Closed eduardocorrearaujo closed 2 years ago
The module get_wbd_data.py
should be renamed to worldbank.py
Always remember that names of variables, modules and packages need to be meaningful and readable. https://peps.python.org/pep-0008/#naming-conventions
I liked the function, it is good to go in my opinion. My only concern is that there are 20k+ indicators in the WB database. Are you planning on making one function for each indicator? Maybe a more feasible idea would be download the dataset and leave the manipulation to the user. I tried to address this last solution in the R script (it isn't a function yet, just a demo of what can be done).

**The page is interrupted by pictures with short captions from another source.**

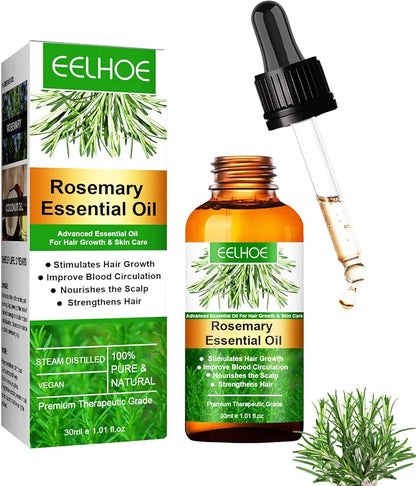 बाल विकास तेल रोज़मेरी आवश्यक तेल (30ml)
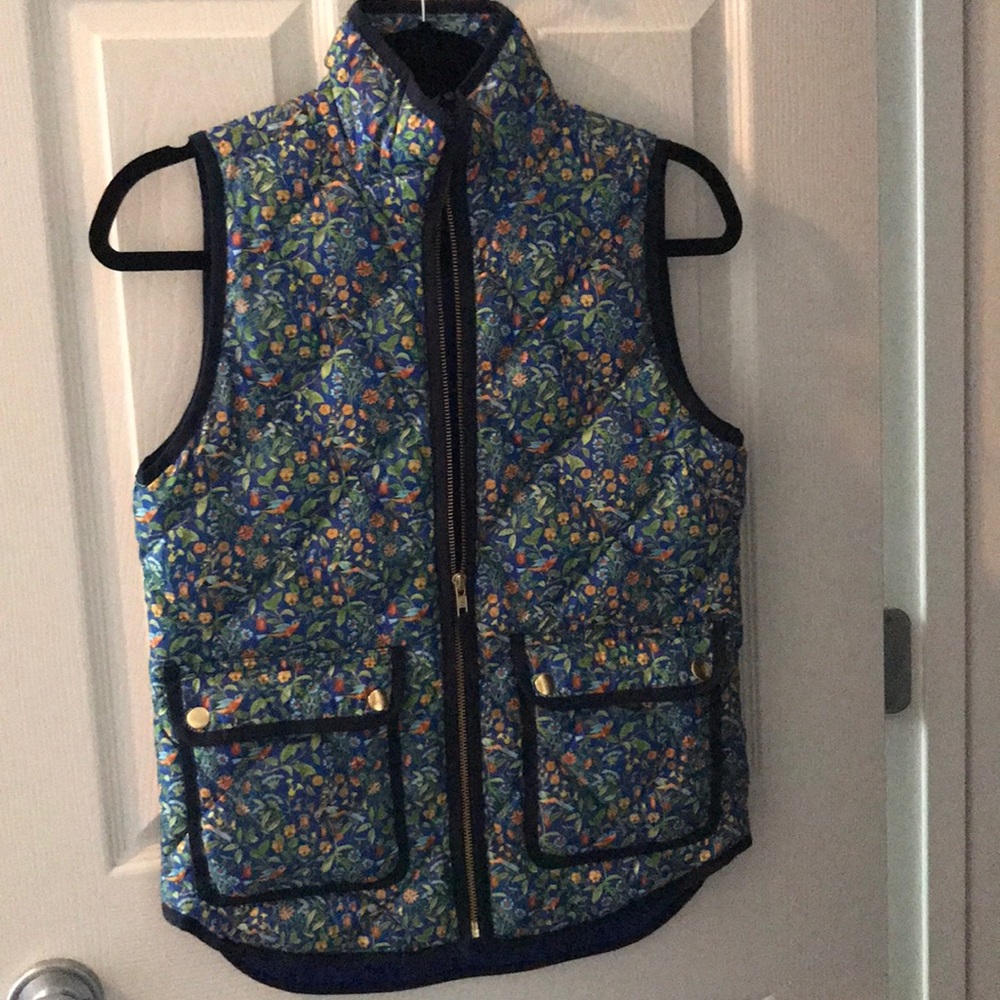 Jcrew Patterned Vest
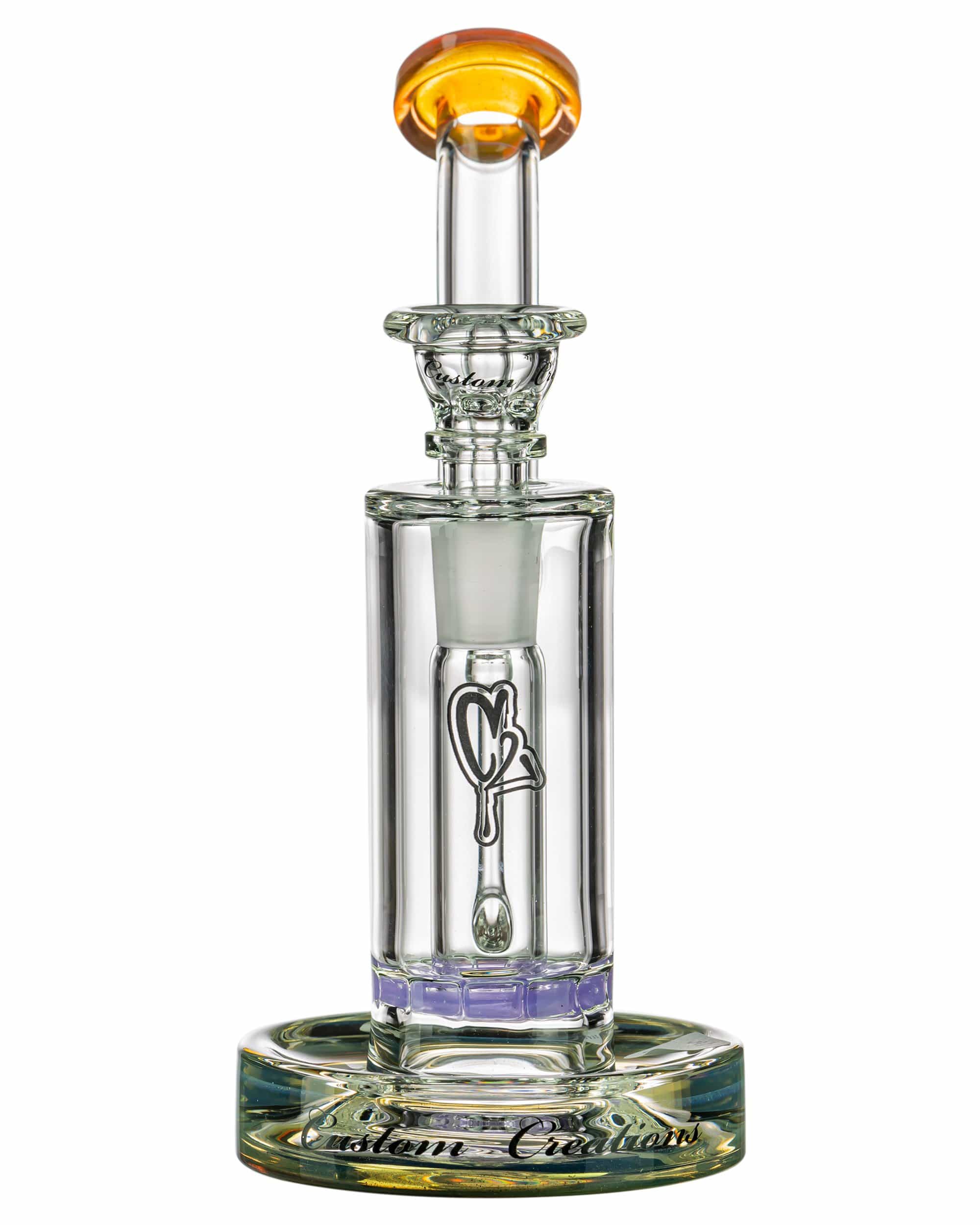 Recessed Joint Ratchet Perc Bubbler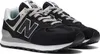 New Balance Damen Schuhe Schwarz WL574EVB 37,5 EU Produktbild-Vorschau 5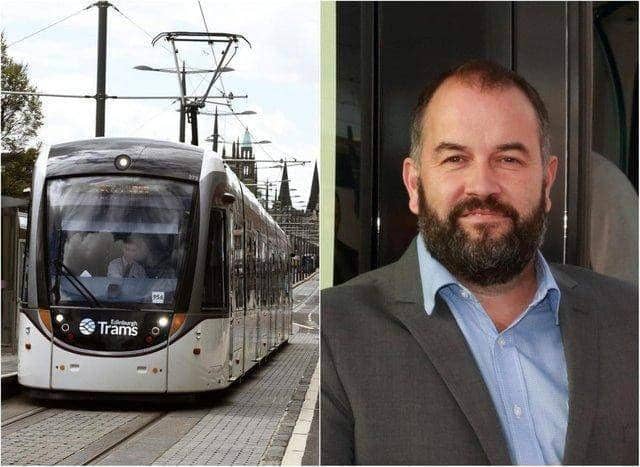Edinburgh Trams boss Lea Harrison received a total package of £520,000.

Thank you for the feedback @dcpcamara. I understand your point.
In the wbgapi
package, a function allows the user to search for keywords in the indicators and return the matched values using the function wb.series.info()
. There is also a function that returns a data frame for a list of indicators and countries.
I can create a function that returns something similar, but I thought it would be interesting to have functions that allow us to get some useful indicators easily. These functions would be focused in the more valuable indicators for our projects. For this reason, the first indicator that I thought about was the population.
Regarding the large number of indicators, I agree with @eduardocorrearaujo 's approach to have some ready to use function for Commonly used indicators, but as @dcpcamara says we also need a generic implementation. in GHOclient I let the user search for the indicator by keyword, and then use a generic function thta returns the data corresponding to a specific indicator code.
Regarding the large number of indicators, I agree with @eduardocorrearaujo 's approach to have some ready to use function for Commonly used indicators, but as @dcpcamara says we also need a generic implementation. in GHOclient I let the user search for the indicator by keyword, and then use a generic function thta returns the data corresponding to a specific indicator code.
Ok, I will make a generic implementation, and I'll share it with you.
Hi, I added some functions to search indicators in the database and get the data to specific indicators. I also wrote an example of a documentation file for the functions that I created. I know that the documentation should be in another folder, but how Flavio created that folder after I open this PR, to have access to this folder I would need to open another PR. For this reason, to keep these similar files in the same PR, to be analyzed together, I preferred to put the documentation file here, for all take a look, and after approving the .py and the .md file, I will remove the .md file and I will make the merge and create a new PR to put the documentation in the right folder.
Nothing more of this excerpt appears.